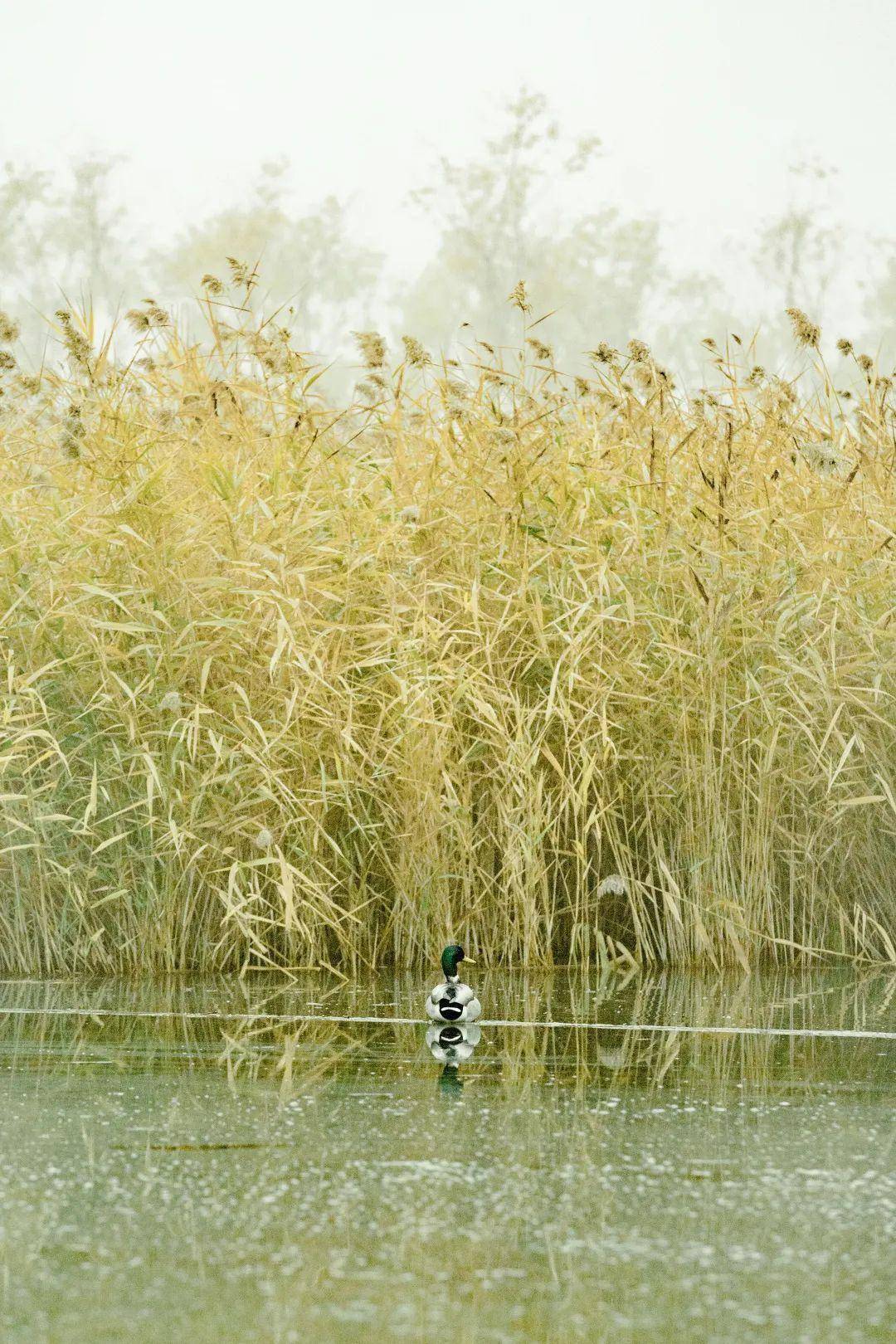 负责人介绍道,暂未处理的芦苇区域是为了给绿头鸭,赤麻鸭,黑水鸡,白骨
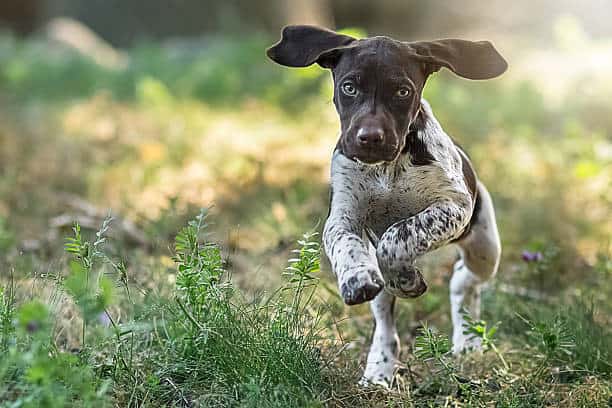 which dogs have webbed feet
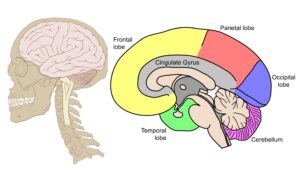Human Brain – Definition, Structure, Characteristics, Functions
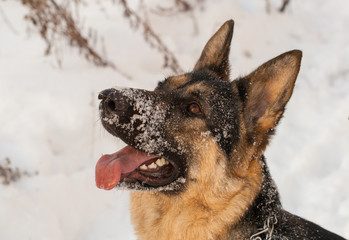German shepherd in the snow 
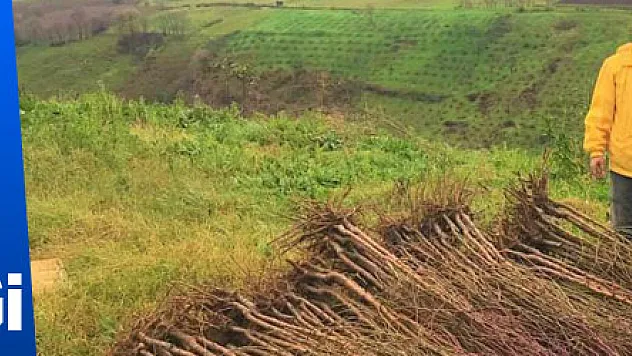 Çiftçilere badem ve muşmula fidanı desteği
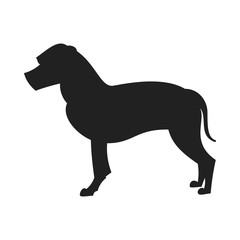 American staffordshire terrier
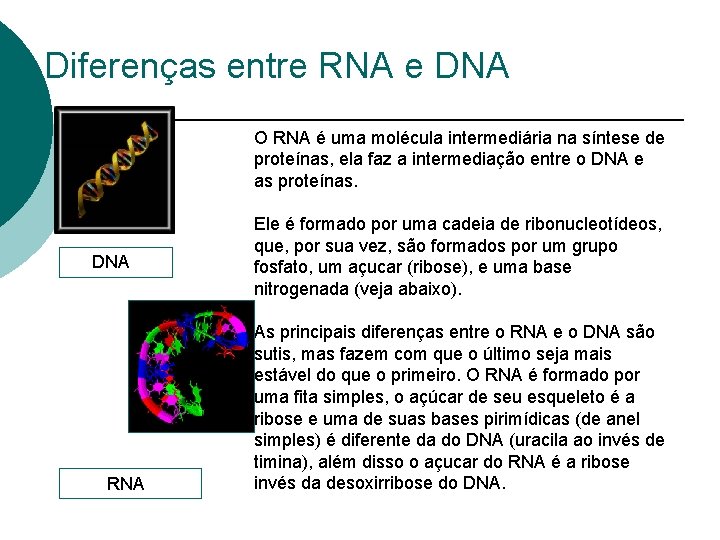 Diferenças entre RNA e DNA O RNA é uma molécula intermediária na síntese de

§ WHAT IS NEEDED: Output every record exactly, minus the pictures.

§ EXERCISE RESULT:
 负责人介绍道,暂未处理的芦苇区域是为了给绿头鸭,赤麻鸭,黑水鸡,白骨
 which dogs have webbed feet
Human Brain – Definition, Structure, Characteristics, Functions
German shepherd in the snow 
 Çiftçilere badem ve muşmula fidanı desteği
 American staffordshire terrier
 Diferenças entre RNA e DNA O RNA é uma molécula intermediária na síntese de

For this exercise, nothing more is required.